Love Letter Time Capsule
The ‘Love Letter Time Capsule’ is a lovely one, and can be a part of your ceremony including just you as a couple, or can also involve attendees and/or significant people if you like as well.
This involves the couple writing each other a hand written love letter, expressing how you feel in the run up to your wedding, your feelings about getting married and your feelings towards each other. You write this ahead of the wedding day itself, seal it and leave it in the trusty hands of your celebrant. On your wedding day, your celebrant will give you each your love letters to place inside a time capsule that you will open a year later on your one year anniversary. You can also add other items like your favourite bottle of wine, maybe an envelope with money for a dinner out together, and you can have your friends, family members and any children in your lives prepare to leave an item or note in your time capsule too.
Then we seal it and the anticipation and excitement of opening it starts!

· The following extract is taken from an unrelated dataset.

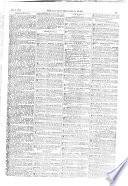 The Illustrated London News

It’s a lovely way to really fossilise your special day.
Create Your Own!
Perhaps you’d like to merge a few of these components together and create a hybrid version, or maybe you’d like to create your very own ritual entirely! The possibilities are endless, and I am on hand to discuss what is most important to you as a couple. You might have your own unique pre-existing tradition in your relationship or family that you would like to make part of the ceremony, or a particular element that feels special. I can help you develop this and am happy to either take your lead or come prepped with a few ideas as a springboard to work from!

You may decide that rituals are not your thing at all, and of course that is absolutely fine! It’s your special day and the ceremony should reflect you as a couple.
The wedding ritual is there more as a flourish than as a feature, because the main feature of the day is the two of you and your love story, and the ritual only works to enhance certain elements if they resonate and have meaning for you both. So either way, just make sure to both choose (or not choose!) whatever option feels right for you.